**Dataset entries**
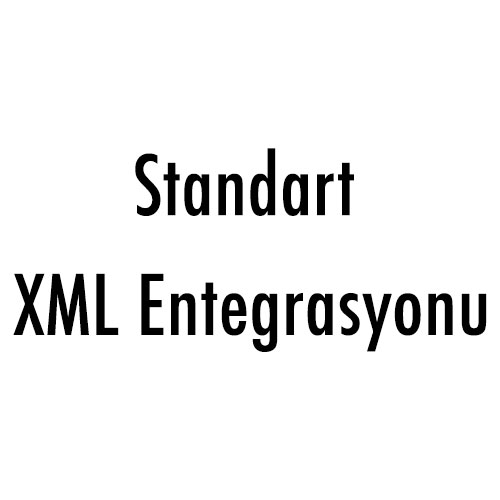 Standart XML Entegrasyonu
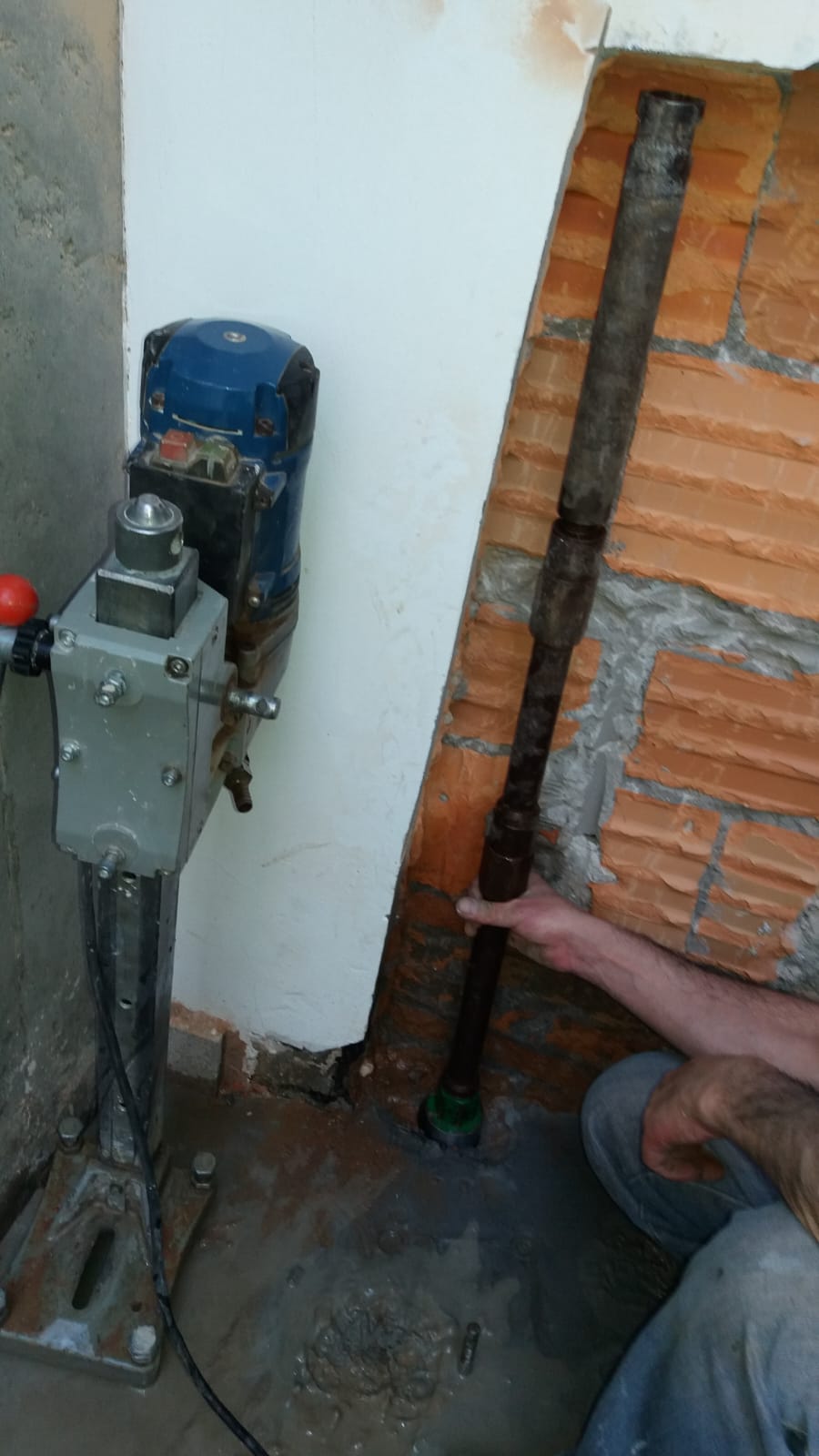 furo profundo com prolongador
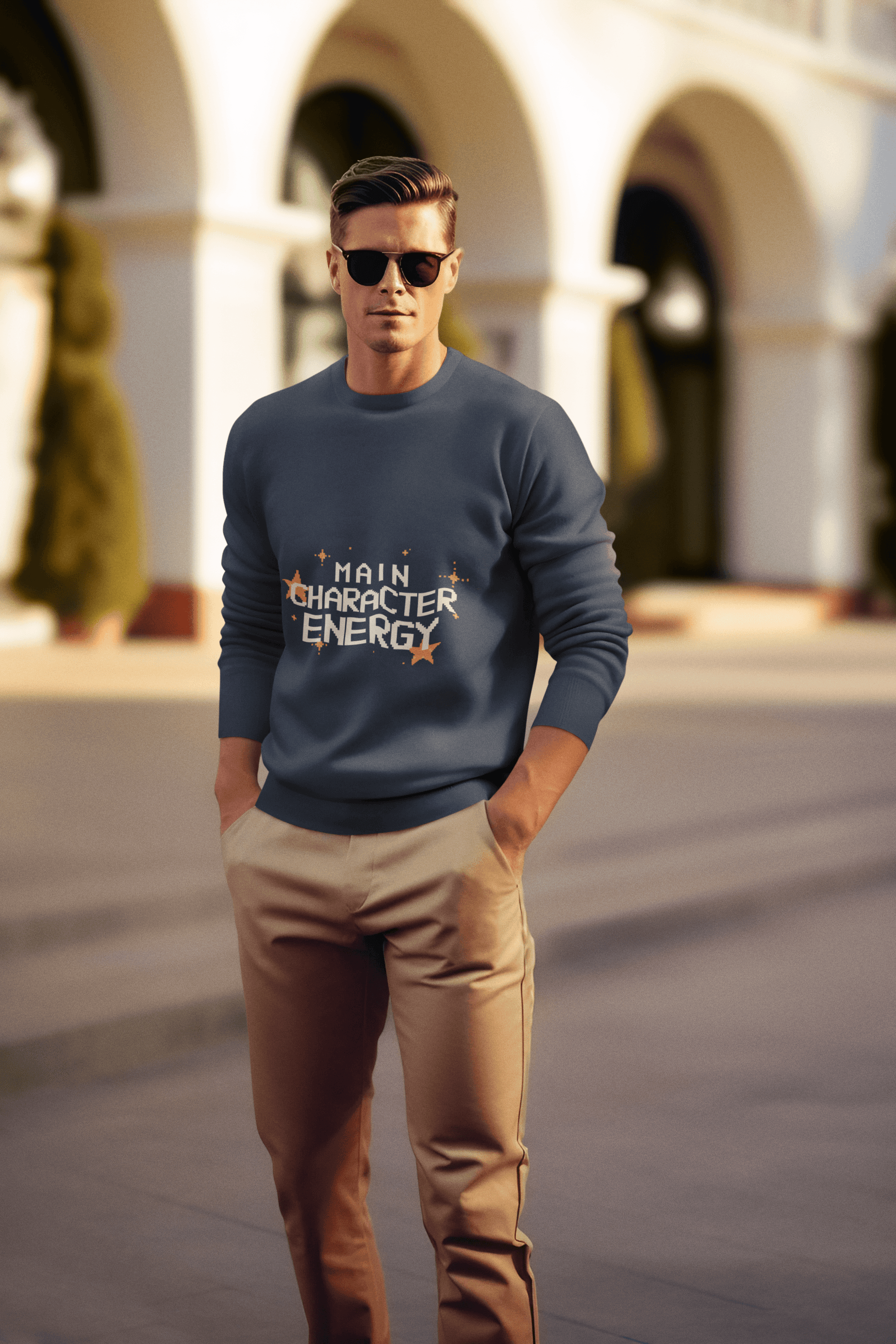 Character Energy Men's Sweatshirt - Lyssian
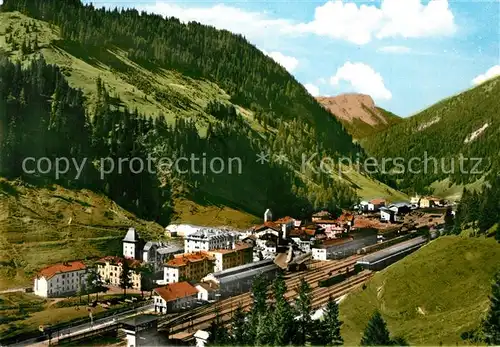 AK / Ansichtskarte Brennero Fliegeraufnahme Panorama Brennero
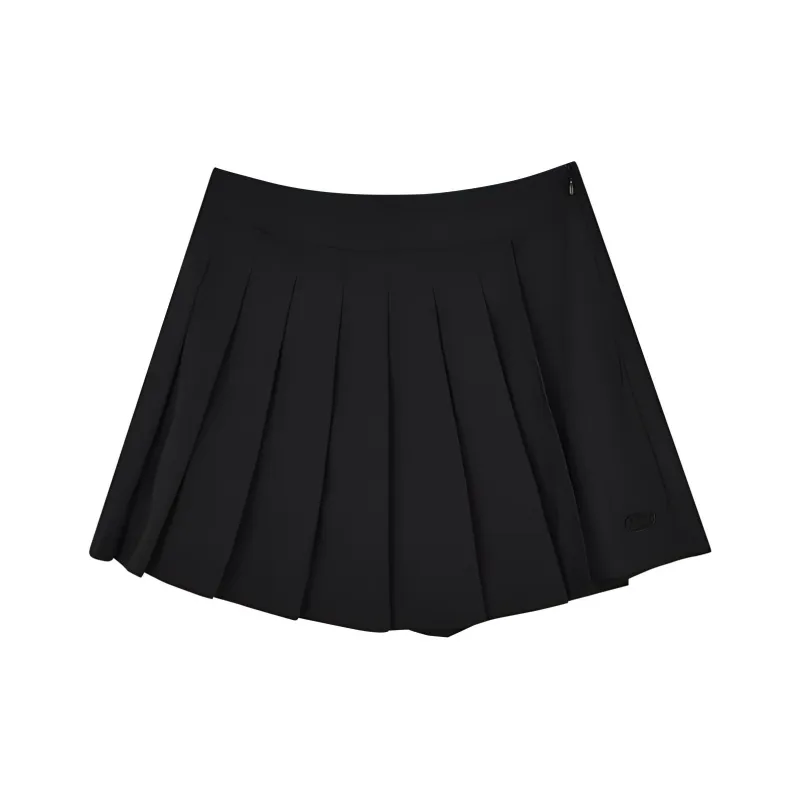 Skechers SS24 Casual Short Skirts Women's Carbon Black-0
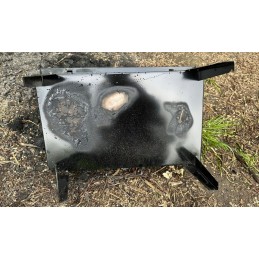 Turistinė nešiojama anglių kepsninė, sulankstoma kempingo kepsninė, erdvus lagaminas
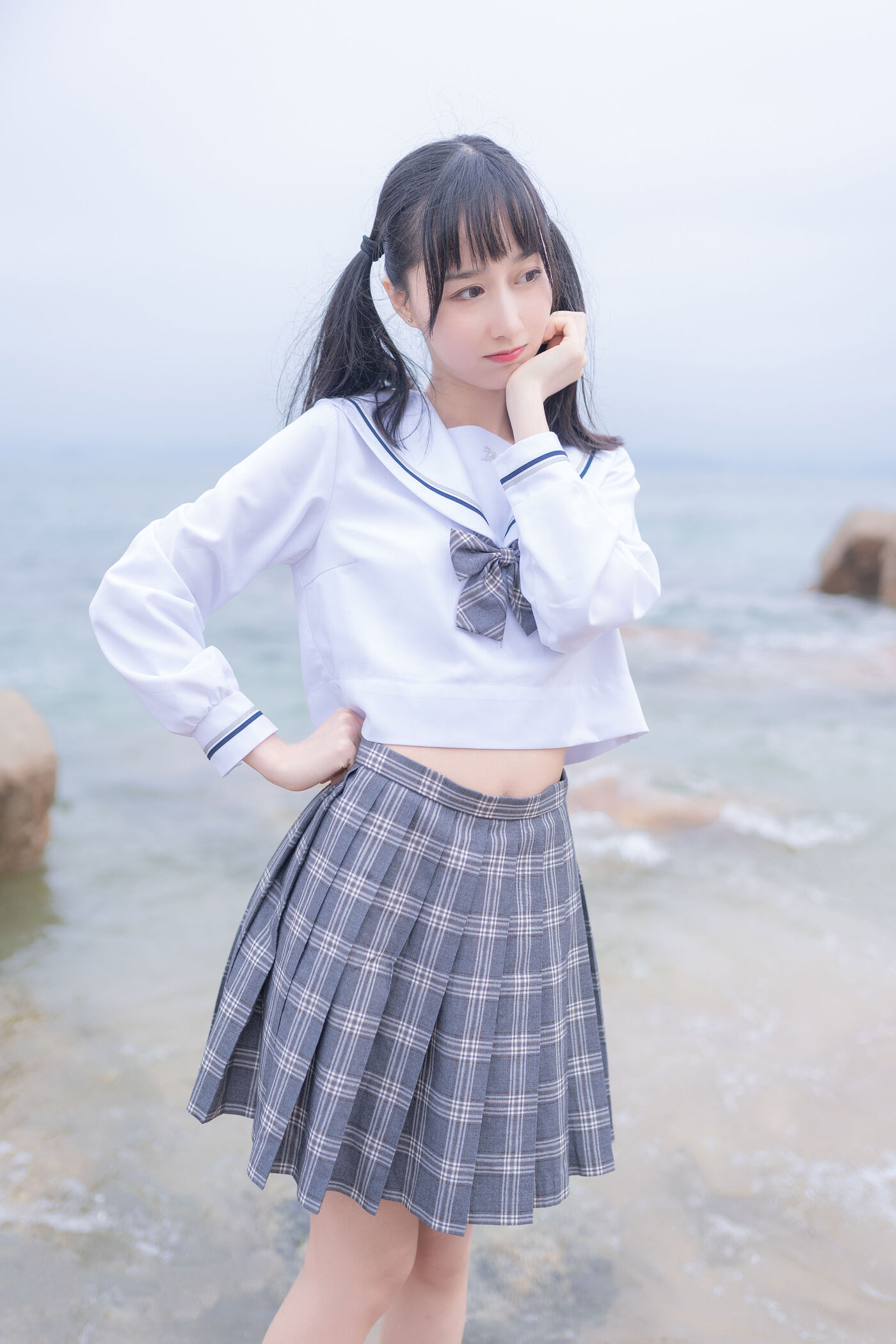 木绵绵OwO  海边JK [40P]插图6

**Description of the task**
Nothing but the lines from the line with "Character Energy Men's Sweatshirt - Lyssian" through the last line of the listing should be copied, exactly and with both ends kept. Leave pictures out.

**Result**
 Character Energy Men's Sweatshirt - Lyssian
 AK / Ansichtskarte Brennero Fliegeraufnahme Panorama Brennero
 Skechers SS24 Casual Short Skirts Women's Carbon Black-0
 Turistinė nešiojama anglių kepsninė, sulankstoma kempingo kepsninė, erdvus lagaminas
 木绵绵OwO  海边JK [40P]插图6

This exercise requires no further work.